Mitigation Strategies

🛡️ Preventive Measures

Regular Health Checks

def catalog_health_check(catalog_path):
    """Monitor catalog health and performance"""
    try:
        conn = connect_to_catalog(catalog_path)

        # Test basic functionality
        result = conn.get_connection().execute("SELECT 1").fetchone()

        # Check memory usage
        memory = conn.get_connection().execute("PRAGMA current_memory_usage").fetchone()

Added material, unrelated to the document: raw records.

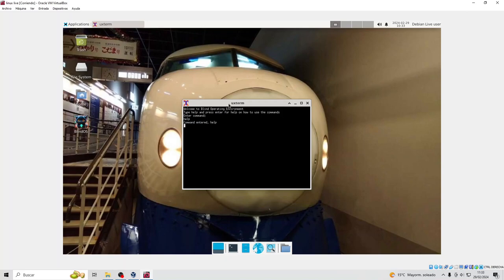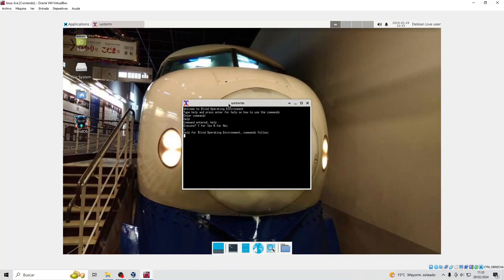Command entered, help. Execute. Y for yes and for no. Help for Blind Operating Environment, commands follow.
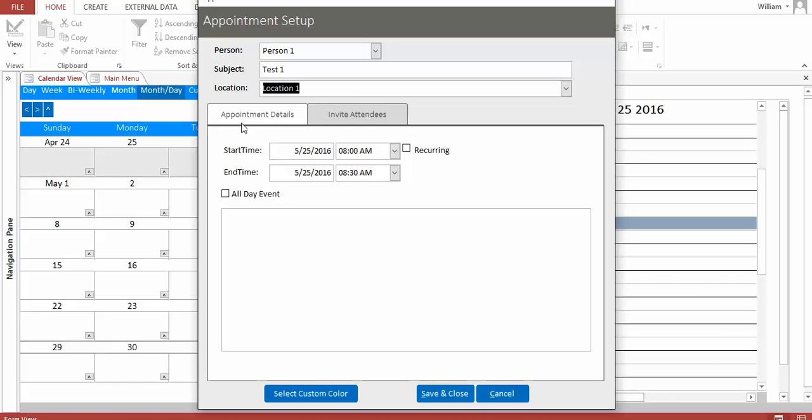Location 1. And then appointment details and this I'm just leaving alone. And coming down here and again putting test 1. I'm then going to save and close.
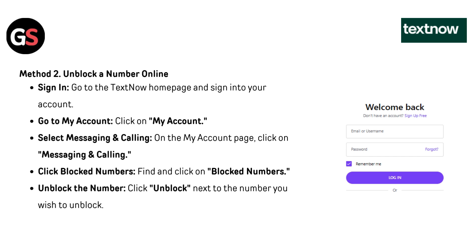Method two: unblock a number online. Go to the TextNow homepage and sign into your account. Click on My Account, then select Messaging and Calling. Find and click on block numbers. Click unblock next to the number you wish to unblock.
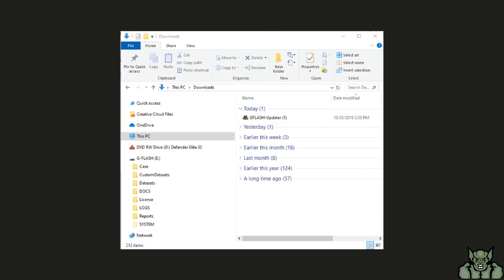You will go to your downloads and run the G-Flash updater executable. You will be prompted to grant administrator permission for the updater to run. Click yes to confirm.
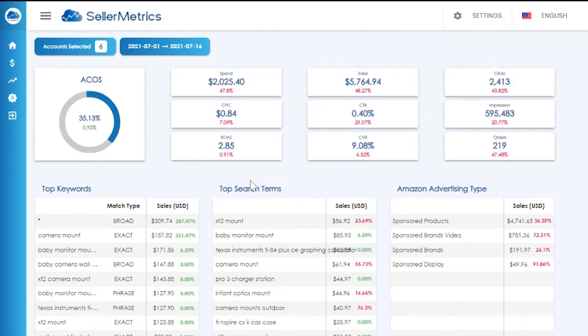The Seller Metrics dashboards allow the user to have a top-level view or just a snapshot of their overall account performance.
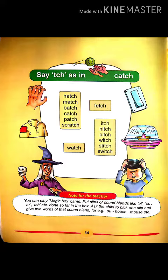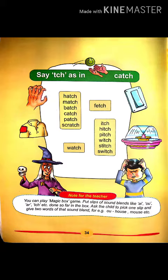Now let's start the reading part. C-A-T-C-H: Catch. P-A-T-C-H: Patch. S-C-R-A-T-C-H: Scratch. F-E-T-C-H: Fetch. W-A-T-C-H: Watch. I-T-C-H: Itch.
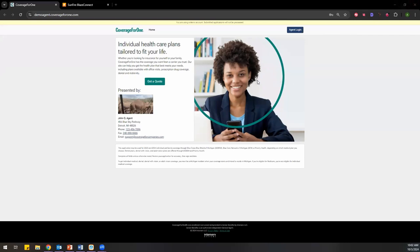This is what you're going to see when you first log into Coverage for One. This is a demo account — I should make that clear. Because this is a demo account, obviously some of the information in here is going to be dummy information. When we set this account up for you, the information that you would like your clients to see when they go to your Coverage for One homepage — so instead of a camel, they would see your logo or your picture, whatever you want. Your name, address, all that stuff will be customized to you.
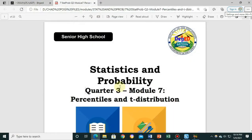Welcome back, everyone. For today's video under Statistics and Probability, Quarter 3 Module 7, we are going to study the percentiles and t-distribution.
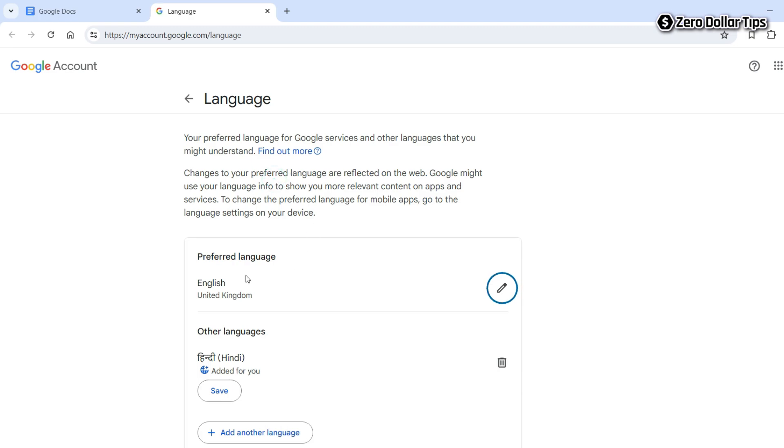Under preferred language, if you have selected English from United Kingdom, Australia, or any other country, you will have to change it to English from United States. Then the Google Docs ruler will be changed from centimeters to inches.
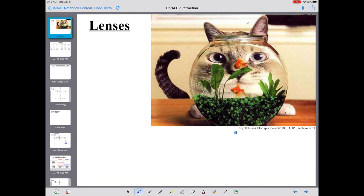Welcome to Physics. It is time to ponder lenses. We've built the background on refraction, gotten an idea of how light bends based on index of refraction, and calculated angles with Snell's Law.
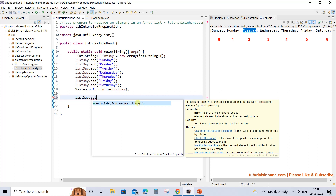When you invoke the set method, the first parameter is the index (an integer value) and the second parameter is the element itself - the object you want to place there. This set method also returns the previous element that was present at that specified position.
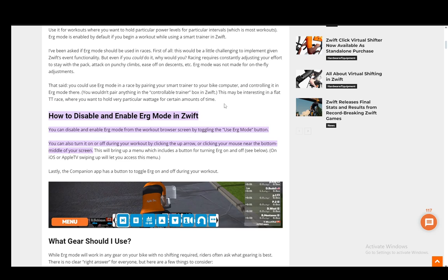The ERG mode button will be present there. As you can see here, this third icon from the left is the ERG mode on or off button, and you can turn it on or off very easily via that.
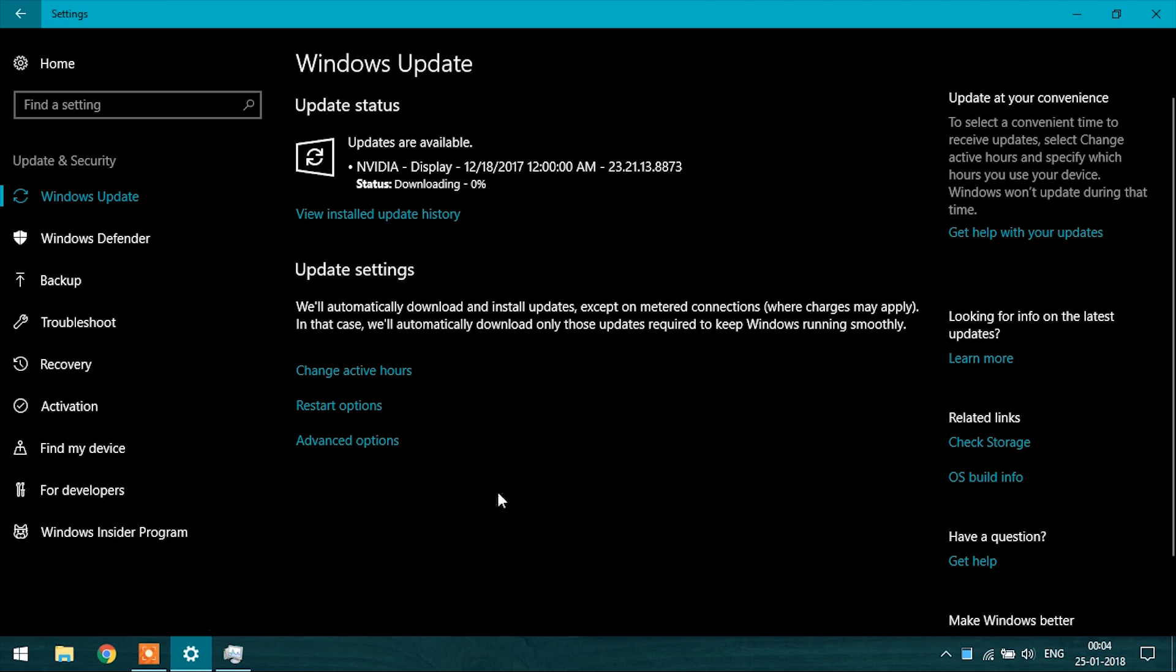Now after that, you will see that the NVIDIA driver is downloading. Wait for it to complete the download. After that it will install.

        # Test file accessibility
        conn.get_connection().execute("SELECT COUNT(*) FROM information_schema.tables").fetchall()

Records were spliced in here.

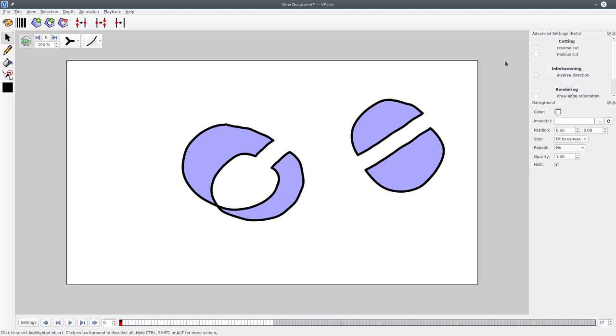So now you might wonder what this reverse cut is as well. It used to be used before in a previous version of VPaint, but now VPaint is smart enough that you don't have to check that box. So it's useless for now. You can just ignore that checkbox.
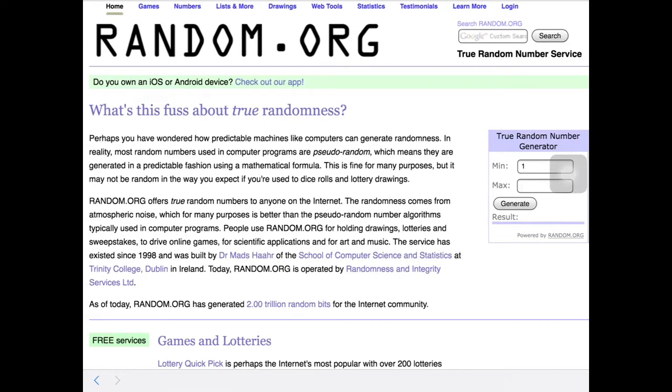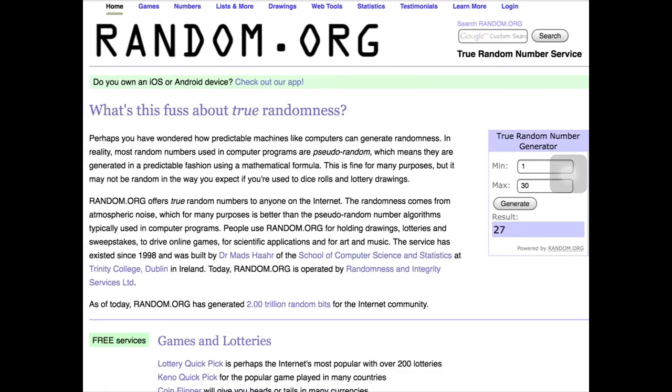Here we go, we're going to do a true random number generator first, because it gives it in a list. So I had 30 submissions, I copied them all down in notes. It's 1 through 30, I'm going to write this, and the result is 27.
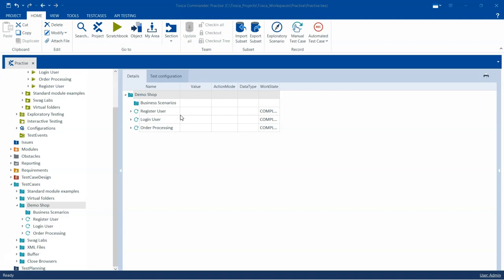Let's see now how we can create a business test case, how we can create a business execution list, how we can link all of this together, and get an overview of the end-to-end business process.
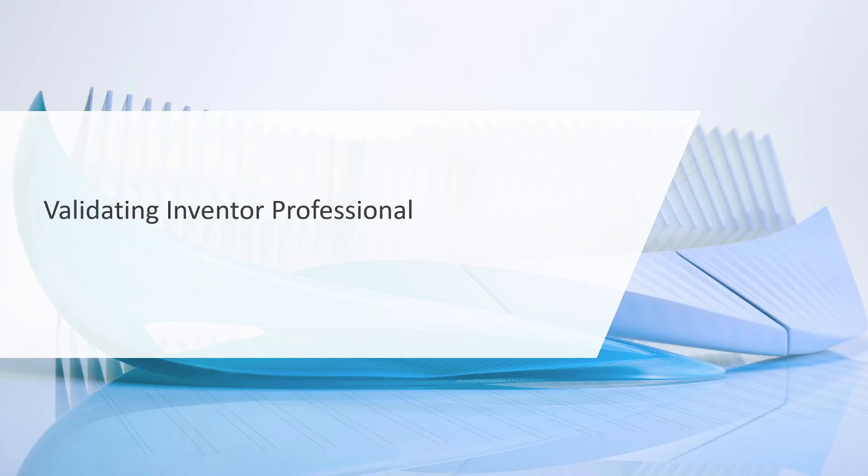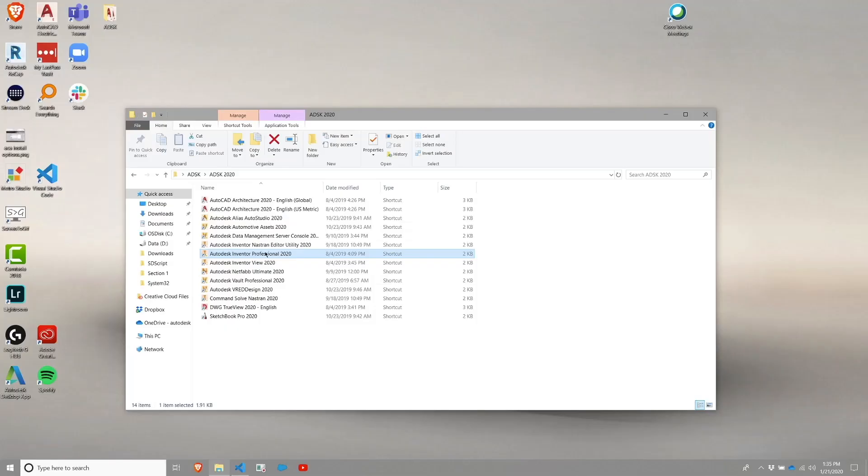We're going to start with how to validate Inventor Professional. You'll start this by launching Inventor Professional.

        return True, f"Memory usage: {memory}"
    except Exception as e:
        return False, str(e)

Backup and Recovery

#!/bin/bash
# Backup script
DATE=$(date +%Y%m%d_%H%M%S)
BACKUP_DIR="backups/$DATE"

# Backup configuration
cp catalog.yaml "$BACKUP_DIR/catalog.yaml"

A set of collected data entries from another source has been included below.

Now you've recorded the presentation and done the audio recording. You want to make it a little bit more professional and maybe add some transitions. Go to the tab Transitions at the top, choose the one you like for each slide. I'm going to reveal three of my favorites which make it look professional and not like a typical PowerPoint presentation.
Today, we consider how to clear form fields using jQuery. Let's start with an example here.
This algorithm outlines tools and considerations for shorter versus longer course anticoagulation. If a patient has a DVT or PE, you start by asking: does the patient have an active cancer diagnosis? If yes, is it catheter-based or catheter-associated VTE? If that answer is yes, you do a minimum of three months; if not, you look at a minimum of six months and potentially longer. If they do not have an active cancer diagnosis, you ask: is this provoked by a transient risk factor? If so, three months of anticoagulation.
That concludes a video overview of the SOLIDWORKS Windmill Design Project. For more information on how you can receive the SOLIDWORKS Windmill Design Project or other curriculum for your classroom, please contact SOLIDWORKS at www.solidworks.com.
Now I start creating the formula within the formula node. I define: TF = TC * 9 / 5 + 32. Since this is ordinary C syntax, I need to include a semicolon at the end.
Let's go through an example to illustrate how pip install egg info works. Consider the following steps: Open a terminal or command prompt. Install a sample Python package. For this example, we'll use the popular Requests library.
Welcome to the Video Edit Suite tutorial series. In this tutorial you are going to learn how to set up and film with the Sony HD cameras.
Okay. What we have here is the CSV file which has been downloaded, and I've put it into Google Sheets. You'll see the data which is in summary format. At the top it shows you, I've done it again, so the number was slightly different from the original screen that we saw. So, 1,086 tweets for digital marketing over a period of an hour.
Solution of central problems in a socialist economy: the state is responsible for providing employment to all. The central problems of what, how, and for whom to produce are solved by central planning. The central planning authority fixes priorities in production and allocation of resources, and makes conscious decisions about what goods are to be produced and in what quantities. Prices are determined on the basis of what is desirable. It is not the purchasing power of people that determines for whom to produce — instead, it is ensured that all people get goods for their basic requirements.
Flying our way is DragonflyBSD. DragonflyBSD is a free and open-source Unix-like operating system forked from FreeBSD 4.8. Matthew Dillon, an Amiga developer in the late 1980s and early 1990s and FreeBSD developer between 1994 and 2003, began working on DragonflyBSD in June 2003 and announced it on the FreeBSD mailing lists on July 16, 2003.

# Backup database (if exists and not corrupted)
duckdb catalog.duckdb ".backup $BACKUP_DIR/catalog.duckdb" 2>/dev/null

# Store backup metadata
echo "Backup created: $DATE" >> backup.log

Monitoring Dashboard

# Add to your monitoring system
metrics:
  - catalog_build_duration_seconds
  - catalog_build_success_rate
  - query_response_time_p95
  - database_size_bytes
  - memory_usage_bytes

🔧 Recovery Procedures

Database Corruption Recovery

# 1. Identify corruption
duckdb broken.duckdb "PRAGMA database_list"

# 2. Attempt repair (may lose recent changes)
duckdb broken.duckdb "PRAGMA integrity_check"

# 3. Rebuild from configuration (most reliable)
duckalog run catalog.yaml --db-path new_catalog.duckdb

# 4. Migrate existing data if possible
duckdb new_catalog.duckdb "ATTACH 'broken.duckdb' AS old; INSERT INTO main.views SELECT * FROM old.views"

Performance Degradation Recovery

-- Complete database cleanup
VACUUM;                    -- Reclaim space
PRAGMA optimize;           -- Re-optimize indexes
PRAGMA progress_bar=false; -- Reduce overhead
ANALYZE;                   -- Update statistics

Future Roadmap

🚧 Planned Improvements

Distributed Processing Support (Q2 2024)

  • Multi-node DuckDB integration
  • Automatic partitioning strategies
  • Load balancing across nodes

Enhanced Concurrency (Q3 2024)

  • Read/write separation
  • Connection pooling improvements
  • Better multi-user dashboard support

Streaming Integration (Q4 2024)

  • incremental updates
  • Change data capture (CDC)
  • Real-time view refreshing

📋 Under Consideration

Advanced Authentication

  • OAuth 2.0 support for external databases
  • Service account management
  • Multi-tenant support

Cloud-native Features

  • Automatic scaling based on load
  • Managed storage integration
  • Cost optimization recommendations

Enhanced Monitoring

  • Built-in performance dashboards
  • Automated alerting
  • Predictive scaling recommendations

Contributing to Issue Resolution

🐛 Reporting Issues

When reporting issues, include:

  1. Environment: OS, Python version, Duckalog version, DuckDB version
  2. Configuration: Sanitized catalog configuration
  3. Error details: Full error messages and stack traces
  4. Reproduction steps: Minimal steps to reproduce the issue
  5. Expected vs actual: What you expected vs what happened

🔧 Contributing Fixes

  1. Fork repository: Create a feature branch
  2. Add tests: Include reproduction case in test suite
  3. Document changes: Update relevant documentation
  4. Submit pull request: With clear description of changes

Conclusion

Duckalog is designed for specific use cases and scales excellently within its intended domain. The limitations listed above are largely intentional design trade-offs to maintain simplicity and performance for target workloads.

Key takeaways:

  1. Know your scale: Duckalog excels at GB-TB analytical workloads
  2. Plan for growth: Monitor performance and plan migration paths
  3. Implement safeguards: Regular backups and health checks
  4. Choose the right tool: Understand when to use alternatives

By understanding these limitations and planning accordingly, you can build robust, maintainable data pipelines using Duckalog while avoiding common pitfalls.

For the most current status on these issues, check the GitHub Issues and Roadmap pages.